Beautiful pictures! 
I wish I could take as nice a pictures as u can, my camera sux' :-(

Ur tank and ur fish are very cute!


----------



## fishman12 (Sep 1, 2010)

The tank looks great. sorry about the tail-biting... Does that sponge baffle the filter effectively? I have the same filter, but am using the homemade water-bottle baffle that kim posted.


----------



## Alex09 (Aug 9, 2010)

Yes the baffle works perfect. He has no trouble swimming around/under the filter. I know its tailbiting because I have actually SEEN him do it :|


----------



## celine18 (Sep 25, 2010)

he's a beautiful boy!!! out of curiosity, how big is your tank?


----------



## Alex09 (Aug 9, 2010)

celine18 said:


> he's a beautiful boy!!! out of curiosity, how big is your tank?

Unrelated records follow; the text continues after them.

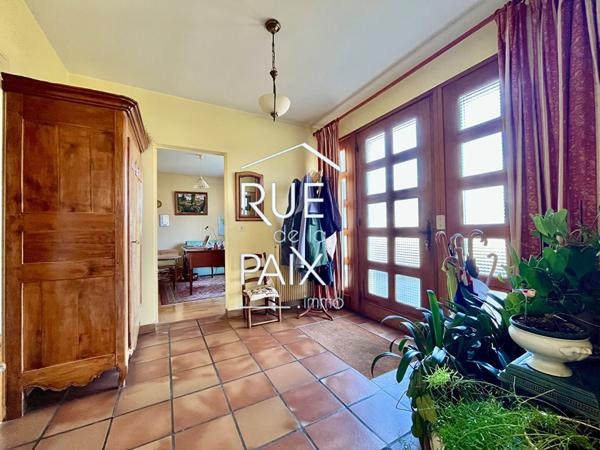 79600 SAINT LOUP LAMAIRE Saint-Loup-Lamaire - 191,51 m2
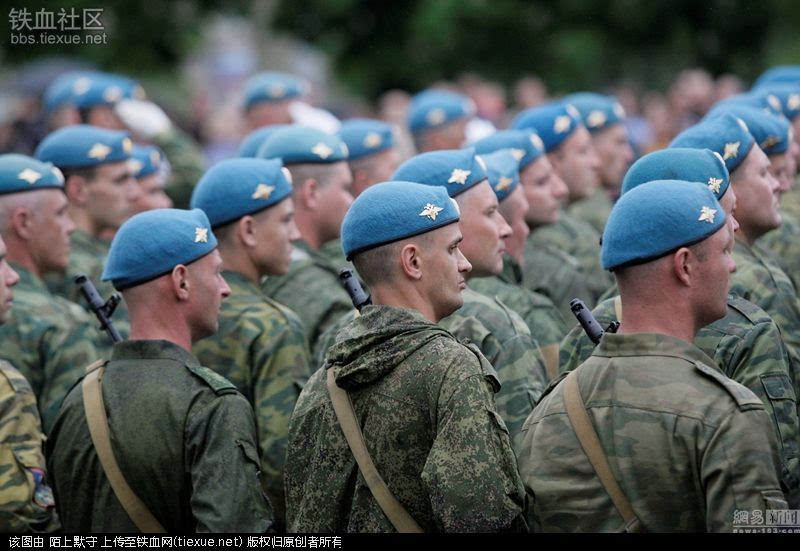 "顿涅茨克人民共和国"举行胜利日阅兵彩排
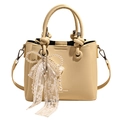 Sac seau chic en cuir crème avec design plissé et élégant pendentif nœud en perles - Avec Nœud en Dentelle de Perles / Jaune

lmao. Its in the title... 10 gallons.


----------



## ihave2bettafish (Sep 24, 2010)

wow, u have a very beautiful tank, love the stones at the bottom and the plants, nice set up, ur fish looks very active, hahahahhhaha i want your set.


----------



## celine18 (Sep 25, 2010)

sorry, i totally missed that....clueless....


----------



## fishman12 (Sep 1, 2010)

Okay. That is good knews about the baffle. Thanks!


----------



## Jupiter (Aug 30, 2009)

Very handsome boy, and nice tank!


----------